● WHAT THIS TASK INVOLVES: Both the line containing "顺丰集团与上海迪士尼度假区宣布数年战略联盟" and the line containing "Stříbrohřbetý samec gorily" belong to the span. Output exactly that span from the listing below, and nothing outside it.

● MATERIAL FOR THE TASK:
■ ■ ■ ■

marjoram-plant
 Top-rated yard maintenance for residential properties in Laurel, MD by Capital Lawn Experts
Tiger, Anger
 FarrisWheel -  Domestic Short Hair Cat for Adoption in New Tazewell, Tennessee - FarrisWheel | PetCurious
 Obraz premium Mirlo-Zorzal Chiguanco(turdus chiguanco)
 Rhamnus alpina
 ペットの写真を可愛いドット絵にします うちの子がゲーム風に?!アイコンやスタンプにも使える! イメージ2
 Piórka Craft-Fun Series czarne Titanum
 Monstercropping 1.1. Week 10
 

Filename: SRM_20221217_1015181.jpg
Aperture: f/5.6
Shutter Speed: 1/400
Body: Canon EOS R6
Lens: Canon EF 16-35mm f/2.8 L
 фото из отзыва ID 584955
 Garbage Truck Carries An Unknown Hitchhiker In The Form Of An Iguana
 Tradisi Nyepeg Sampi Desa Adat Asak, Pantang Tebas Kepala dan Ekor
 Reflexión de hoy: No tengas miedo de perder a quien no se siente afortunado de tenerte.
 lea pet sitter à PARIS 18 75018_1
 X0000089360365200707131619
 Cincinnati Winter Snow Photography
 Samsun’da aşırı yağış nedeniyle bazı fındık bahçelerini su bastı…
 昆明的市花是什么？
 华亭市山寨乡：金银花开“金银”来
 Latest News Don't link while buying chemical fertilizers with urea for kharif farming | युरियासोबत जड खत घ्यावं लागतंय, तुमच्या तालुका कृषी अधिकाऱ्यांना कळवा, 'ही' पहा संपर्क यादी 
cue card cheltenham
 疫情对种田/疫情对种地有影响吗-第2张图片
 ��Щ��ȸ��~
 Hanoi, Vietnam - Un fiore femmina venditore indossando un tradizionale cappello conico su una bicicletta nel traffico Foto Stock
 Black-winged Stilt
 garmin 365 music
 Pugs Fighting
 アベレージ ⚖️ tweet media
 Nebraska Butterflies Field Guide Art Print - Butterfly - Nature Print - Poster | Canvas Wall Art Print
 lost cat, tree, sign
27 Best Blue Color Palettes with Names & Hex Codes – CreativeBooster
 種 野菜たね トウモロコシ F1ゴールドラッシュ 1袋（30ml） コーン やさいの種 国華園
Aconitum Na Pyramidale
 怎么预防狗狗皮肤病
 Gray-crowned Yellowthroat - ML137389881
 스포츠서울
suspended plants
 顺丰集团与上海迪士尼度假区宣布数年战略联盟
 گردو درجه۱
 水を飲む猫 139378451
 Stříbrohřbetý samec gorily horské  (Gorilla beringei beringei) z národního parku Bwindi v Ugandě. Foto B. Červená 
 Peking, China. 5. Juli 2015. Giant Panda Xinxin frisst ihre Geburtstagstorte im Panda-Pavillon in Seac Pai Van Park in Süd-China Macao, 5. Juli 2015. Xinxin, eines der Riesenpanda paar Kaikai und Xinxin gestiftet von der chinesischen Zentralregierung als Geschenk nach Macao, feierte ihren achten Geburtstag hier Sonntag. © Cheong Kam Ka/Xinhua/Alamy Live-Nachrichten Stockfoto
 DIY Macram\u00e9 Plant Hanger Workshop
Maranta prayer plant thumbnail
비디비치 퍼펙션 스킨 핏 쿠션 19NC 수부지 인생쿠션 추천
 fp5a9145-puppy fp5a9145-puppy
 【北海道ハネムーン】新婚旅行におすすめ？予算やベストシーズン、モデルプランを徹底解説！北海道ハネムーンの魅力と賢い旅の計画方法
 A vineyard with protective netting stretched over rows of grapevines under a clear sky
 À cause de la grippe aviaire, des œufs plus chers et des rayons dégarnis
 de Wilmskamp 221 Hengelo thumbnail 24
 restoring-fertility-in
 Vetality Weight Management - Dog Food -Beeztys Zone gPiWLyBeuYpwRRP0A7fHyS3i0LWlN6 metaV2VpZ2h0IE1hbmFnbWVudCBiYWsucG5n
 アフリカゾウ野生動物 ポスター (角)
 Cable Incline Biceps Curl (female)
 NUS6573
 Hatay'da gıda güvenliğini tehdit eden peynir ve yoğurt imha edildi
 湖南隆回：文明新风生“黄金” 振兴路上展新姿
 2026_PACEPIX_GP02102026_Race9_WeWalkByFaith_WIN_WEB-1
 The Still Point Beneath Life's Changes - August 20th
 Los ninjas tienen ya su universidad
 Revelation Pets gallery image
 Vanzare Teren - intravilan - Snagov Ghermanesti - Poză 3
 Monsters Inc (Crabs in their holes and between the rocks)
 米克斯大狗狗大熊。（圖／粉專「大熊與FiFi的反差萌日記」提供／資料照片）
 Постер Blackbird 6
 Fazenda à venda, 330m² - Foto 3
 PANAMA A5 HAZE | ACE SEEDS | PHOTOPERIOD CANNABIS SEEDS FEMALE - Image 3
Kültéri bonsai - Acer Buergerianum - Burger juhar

■ ■ ■ ■

● WRITTEN SOLUTION:
 顺丰集团与上海迪士尼度假区宣布数年战略联盟
 گردو درجه۱
 水を飲む猫 139378451
 Stříbrohřbetý samec gorily horské  (Gorilla beringei beringei) z národního parku Bwindi v Ugandě. Foto B. Červená 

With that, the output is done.